[Material for this task]

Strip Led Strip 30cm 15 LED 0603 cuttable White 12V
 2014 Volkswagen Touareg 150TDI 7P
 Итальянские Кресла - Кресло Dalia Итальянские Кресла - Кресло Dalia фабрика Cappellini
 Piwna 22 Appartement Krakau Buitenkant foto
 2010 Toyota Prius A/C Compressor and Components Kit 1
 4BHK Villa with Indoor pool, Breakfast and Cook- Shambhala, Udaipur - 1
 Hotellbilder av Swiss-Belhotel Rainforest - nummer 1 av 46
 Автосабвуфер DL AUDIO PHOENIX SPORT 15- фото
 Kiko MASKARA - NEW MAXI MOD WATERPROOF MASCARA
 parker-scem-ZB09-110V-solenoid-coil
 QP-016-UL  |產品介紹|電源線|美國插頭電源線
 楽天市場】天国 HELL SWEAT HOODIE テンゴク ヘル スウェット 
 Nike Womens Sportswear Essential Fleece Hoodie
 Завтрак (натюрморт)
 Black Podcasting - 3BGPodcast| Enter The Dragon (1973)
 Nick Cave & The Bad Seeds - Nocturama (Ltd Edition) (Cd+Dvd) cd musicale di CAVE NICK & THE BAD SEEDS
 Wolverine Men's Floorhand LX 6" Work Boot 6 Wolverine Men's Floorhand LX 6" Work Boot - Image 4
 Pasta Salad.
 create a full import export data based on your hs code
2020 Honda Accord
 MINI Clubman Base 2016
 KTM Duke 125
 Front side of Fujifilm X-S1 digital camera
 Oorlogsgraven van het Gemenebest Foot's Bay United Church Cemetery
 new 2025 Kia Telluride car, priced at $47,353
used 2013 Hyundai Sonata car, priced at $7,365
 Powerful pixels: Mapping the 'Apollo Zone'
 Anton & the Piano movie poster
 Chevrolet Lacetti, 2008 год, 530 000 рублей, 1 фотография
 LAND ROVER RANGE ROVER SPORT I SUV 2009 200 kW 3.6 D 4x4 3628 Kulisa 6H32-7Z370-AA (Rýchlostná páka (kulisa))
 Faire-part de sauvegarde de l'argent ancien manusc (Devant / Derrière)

[/Material for this task]

== Instructions to follow ==
Go line by line through the data, copying each one that contains the word "priced".

== Output of the task ==
 new 2025 Kia Telluride car, priced at $47,353
used 2013 Hyundai Sonata car, priced at $7,365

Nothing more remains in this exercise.